Marine Corps expands radar portfolio in accordance with Force Design evolution

By Nick Wilson / May 1, 2024 at 5:29 PM

The Marine Corps has reorganized its radar systems portfolio to meet evolving force design goals, expanding the scope of a program office that was once focused solely on the Ground/Air Task Oriented Radar to encompass multiple future expeditionary systems.

The former G/ATOR program office was redesignated as Program Manager for Expeditionary Radars (PM ExR) in September 2023 and now includes a few distinct “product lines,” including G/ATOR and a group of unnamed future radar systems, program official Mark Lamczyk said today at the Modern Day Marine conference in Washington.

In addition to G/ATOR, “the other product line is our future radar systems,” Lamczyk said. “I won't be speaking too much, deliberately, about that. But those are initiatives to achieve integrated air and missile defense [and] enabled integrated fire control, which are concepts in the commandant’s force design strategy.”

“Lastly, we do have a small portfolio of foreign military sales cases which are our former, legacy Marine Corps programs that are still out with our coalition partners that we support mainly with training and some sustained capability,” he added.

Gen. Eric Smith, who was confirmed by the Senate as Marine Corps commandant in September, has not publicly released an official Commandant’s Planning Guidance, though he has issued multiple interim guidance documents affirming the service’s force design trajectory.

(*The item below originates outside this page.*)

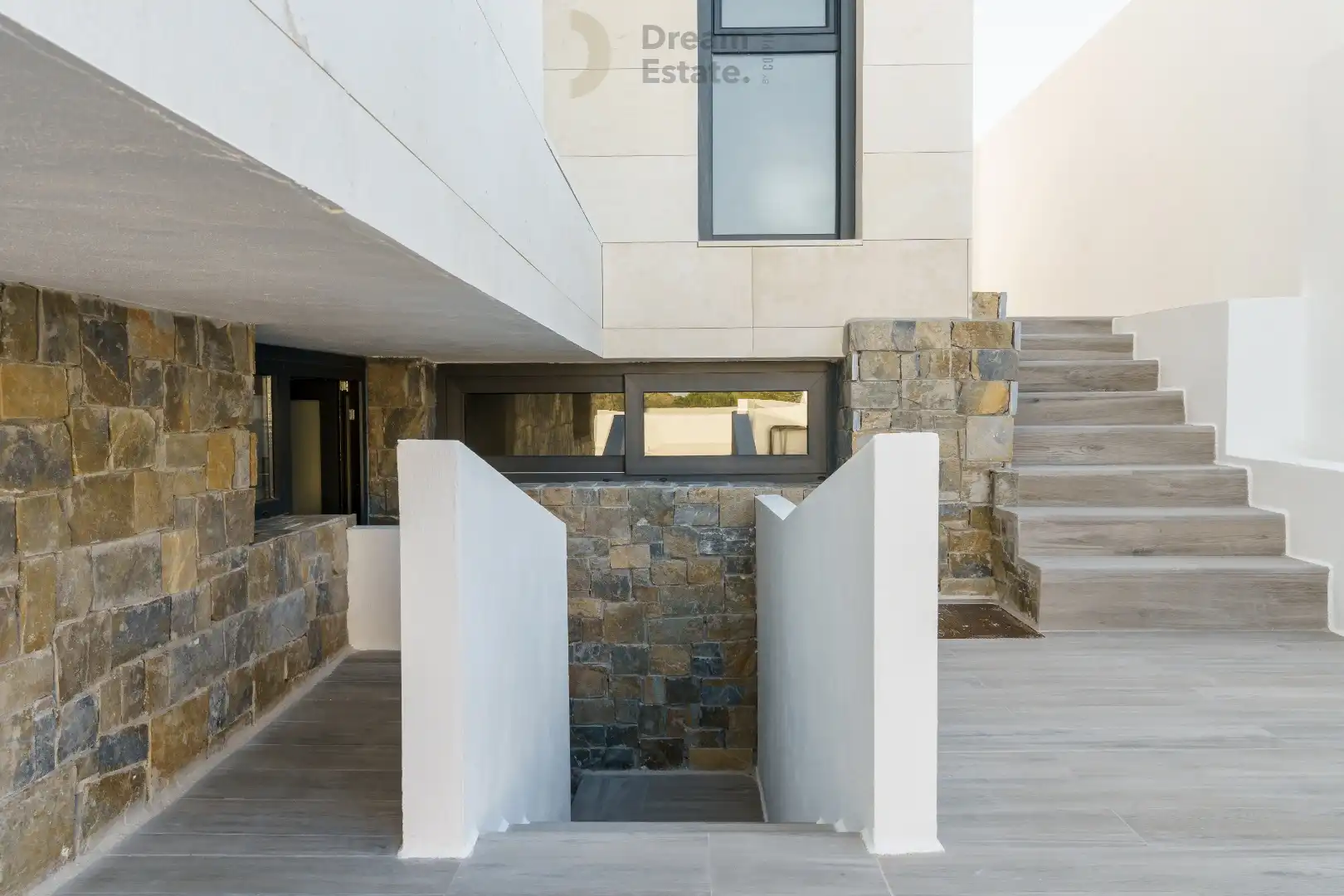 Nieuwbouwwoningen (nog slechts 2) tegenover de golf met zicht naar zee te Mijas. foto 25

Today, Lamczyk said the G/ATOR program is roughly halfway through full-rate production with contractor Northrop Grumman. The program office is placing increased focus on the sustainment of deployed systems and is looking for alternate producers of system components to aid in sustainment, he said.

Additionally, PM ExR is preparing to “recompete” an acquisition support contract in an effort to combine support work for G/ATOR and the future radar systems product line.

“I mentioned that we had two primary product baselines in the PM ExR and that's the G/ATOR and the future radars,” Lamczyk said. “Those are currently separate support contracts and we'll be releasing a [request for proposals] later this summer which combines those support contracts into one, overarching expeditionary radar acquisition support requirement.”

The office will publish the RFP in the fourth quarter of fiscal year 2024 and plans to award the contract in the first quarter of FY-25, Lamczyk added.

The Marine Corps’ FY-2025 budget request includes $72 million for G/ATOR and anticipates full operational capability in FY-28.